Exercise requirements:
Starting at the line holding "Back Brace Posture" and finishing at the line holding "CLIQUE MELANGE CAP GRIJSMELANGE", transcribe the material exactly, keeping both ends but no pictures.

Excerpted records:
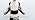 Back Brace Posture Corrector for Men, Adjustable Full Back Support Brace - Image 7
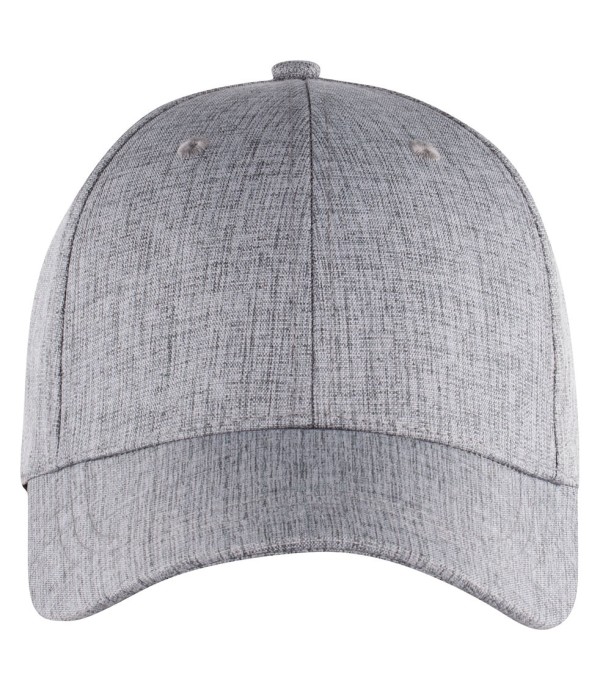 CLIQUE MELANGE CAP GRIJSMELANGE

--

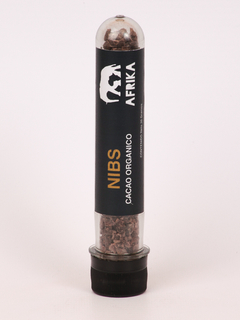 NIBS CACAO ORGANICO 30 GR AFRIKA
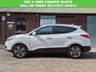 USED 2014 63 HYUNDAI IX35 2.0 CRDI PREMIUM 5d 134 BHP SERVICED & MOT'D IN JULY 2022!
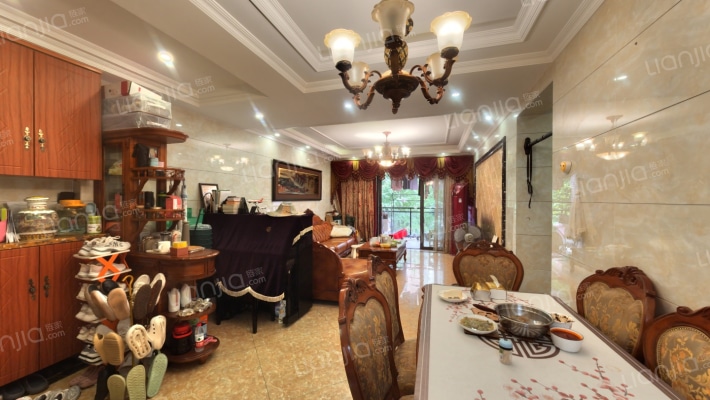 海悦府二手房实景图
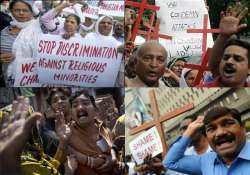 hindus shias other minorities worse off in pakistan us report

Output for this exercise:
 Back Brace Posture Corrector for Men, Adjustable Full Back Support Brace - Image 7
 CLIQUE MELANGE CAP GRIJSMELANGE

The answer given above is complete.